# Recommendation System

In [1]:
import pandas as pd
import numpy as np

In [2]:
from scipy.sparse import coo_matrix, csr_matrix
from scipy.sparse.linalg import svds, norm
from scipy.spatial.distance import cosine
from sklearn.metrics.pairwise import cosine_similarity

In [3]:
import operator
from collections import defaultdict

## Data 

We will use the MovieLens data which contains ratings of movies by users. The data which is publically available from [MovieLens Website](https://grouplens.org/datasets/movielens/). We are using 100k data which has 100k ratings. 

In [4]:
data_path = '../data/'

In [5]:
rating_df = pd.read_csv(data_path + 'ratings.csv', sep=',', header=0)

In [6]:
rating_df.head()

Unnamed: 0,userId,movieId,rating,timestamp
0,1,1,4.0,964982703
1,1,3,4.0,964981247
2,1,6,4.0,964982224
3,1,47,5.0,964983815
4,1,50,5.0,964982931


In [7]:
rating_df.shape

(100836, 4)

In [8]:
rating_df.userId.nunique()

610

In [9]:
rating_df.movieId.nunique()

9724

- The data has over 100k ratings by 610 users on 9724 movies

In [10]:
max(rating_df.userId), max(rating_df.movieId)

(610, 193609)

  - The movie ids do not follow an order. 
  - 9724 movies have been selected that users with id 1 to 610 have rated so as to have 100k ratings. 

### Movies Information

We are also provided the titles and genres of the movies in a separate file. 

In [11]:
movie_df = pd.read_csv(data_path + 'movies.csv', sep=',', header=0)

In [12]:
movie_df.head()

Unnamed: 0,movieId,title,genres
0,1,Toy Story (1995),Adventure|Animation|Children|Comedy|Fantasy
1,2,Jumanji (1995),Adventure|Children|Fantasy
2,3,Grumpier Old Men (1995),Comedy|Romance
3,4,Waiting to Exhale (1995),Comedy|Drama|Romance
4,5,Father of the Bride Part II (1995),Comedy


In [13]:
movie_df[movie_df['title'].str.contains('Avengers')]

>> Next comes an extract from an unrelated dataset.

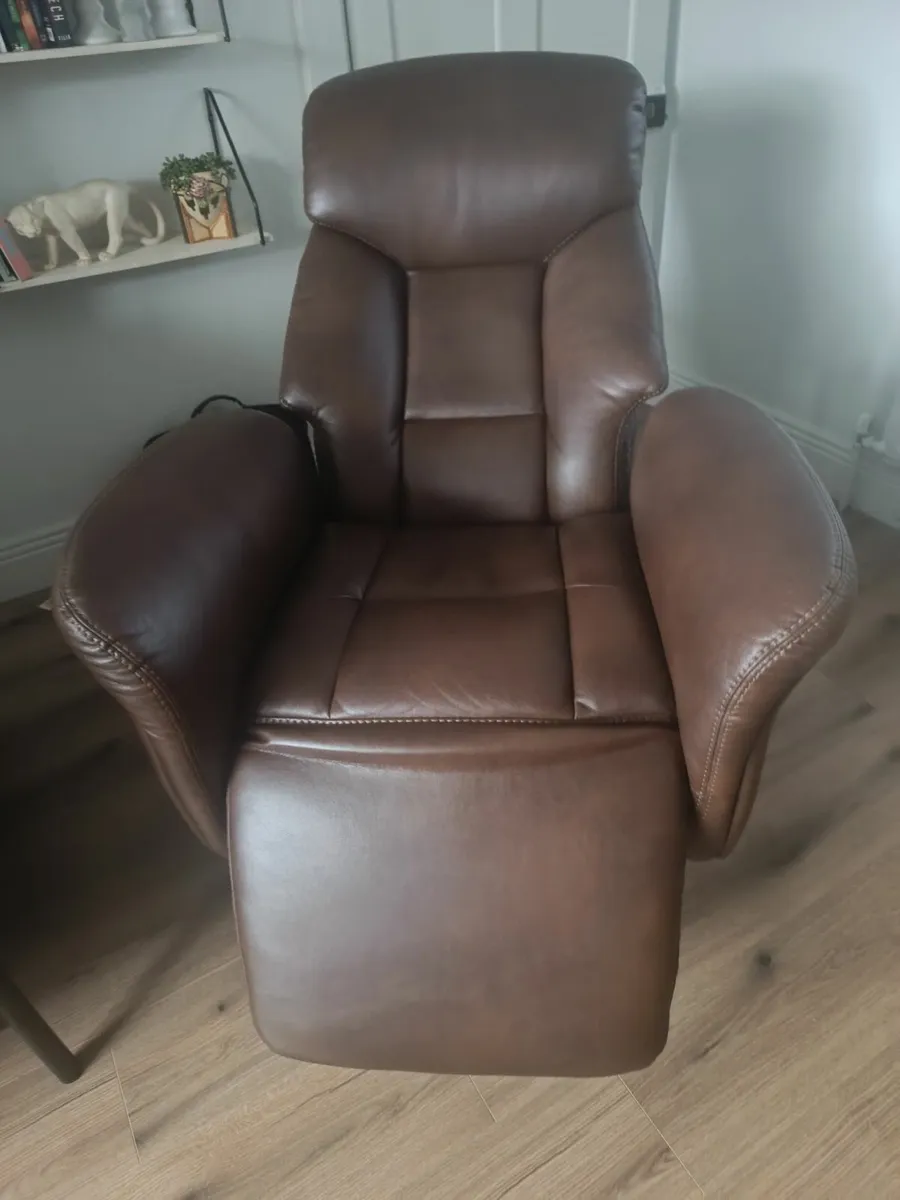 Leather recliner armchair - Image 4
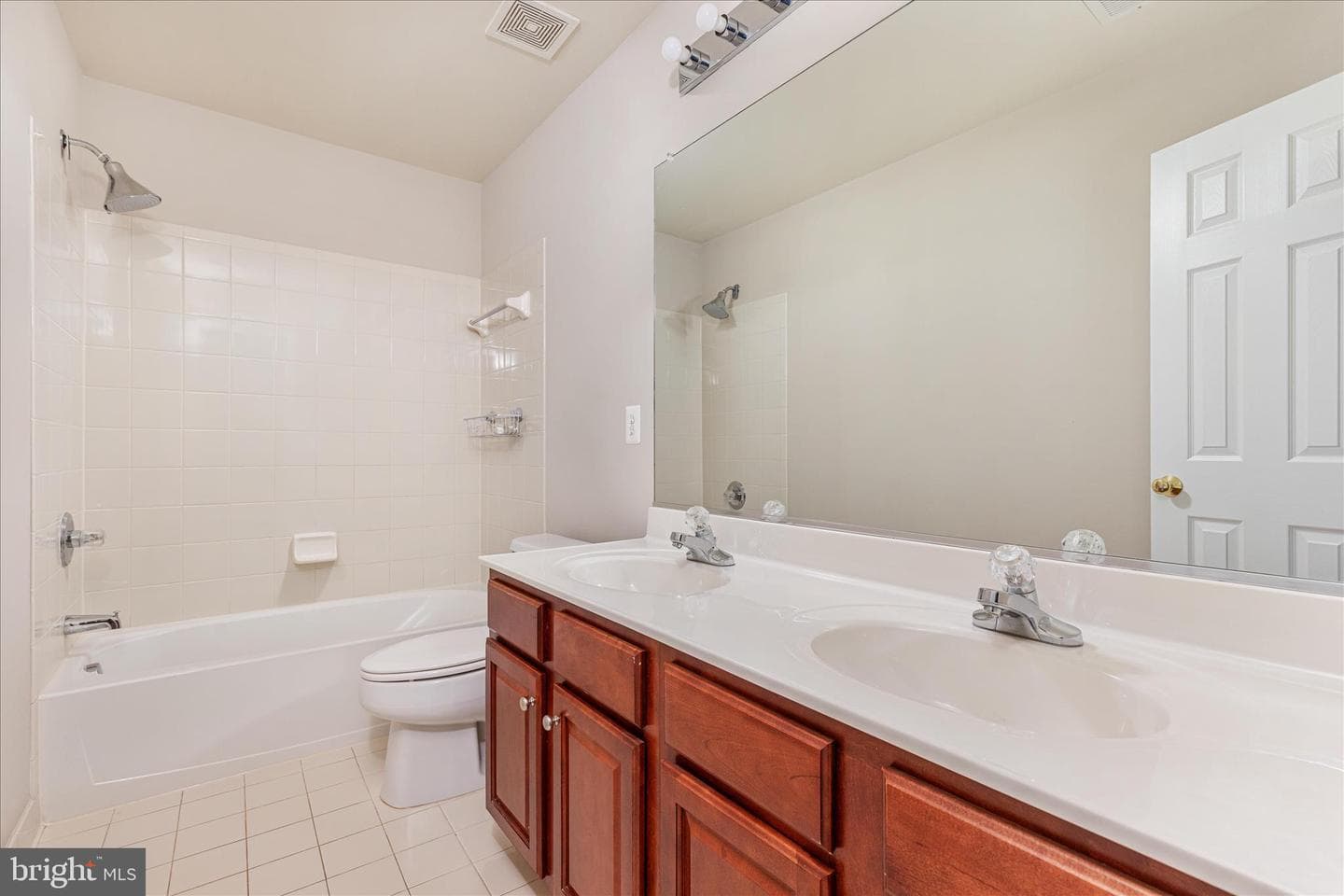 1139 Shadows Drive photo 25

Unnamed: 0,movieId,title,genres
1611,2153,"Avengers, The (1998)",Action|Adventure
6148,44020,Ultimate Avengers (2006),Action|Animation|Children|Sci-Fi
7693,89745,"Avengers, The (2012)",Action|Adventure|Sci-Fi|IMAX
8551,115727,Crippled Avengers (Can que) (Return of the 5 D...,Action|Adventure
8686,122892,Avengers: Age of Ultron (2015),Action|Adventure|Sci-Fi
8693,122912,Avengers: Infinity War - Part I (2018),Action|Adventure|Sci-Fi
9153,147657,Masked Avengers (1981),Action
9488,170297,Ultimate Avengers 2 (2006),Action|Animation|Sci-Fi


## Matrix Factorization

A very popular technique for recommendation systems. We factorize the user-item matrix to obtain the user factors and item factors which are the low-dimensional embeddings such that 'similar' user/items are mapped to 'nearby' points. Moreover, the user and the movies are embedded to the same space, which provides a way to compute user-movie similarity.  

Create a matrix of ratings

In [14]:
ratings_mat = np.ndarray(
    shape=(np.max(rating_df.movieId.values), np.max(rating_df.userId.values)),
    dtype=np.uint8)
ratings_mat[rating_df.movieId.values-1, rating_df.userId.values-1] = rating_df.rating.values

In [15]:
ratings_mat.shape

(193609, 610)

Normalize the rating matrix

In [16]:
normalised_mat = ratings_mat - np.asarray([(np.mean(ratings_mat, 1))]).T

We will use Singular Value Decomposition (SVD) for factorizing the matrix. Since the user-movie rating matrix is very sparse, it is more efficient to use the implementation from scipy.sparse. 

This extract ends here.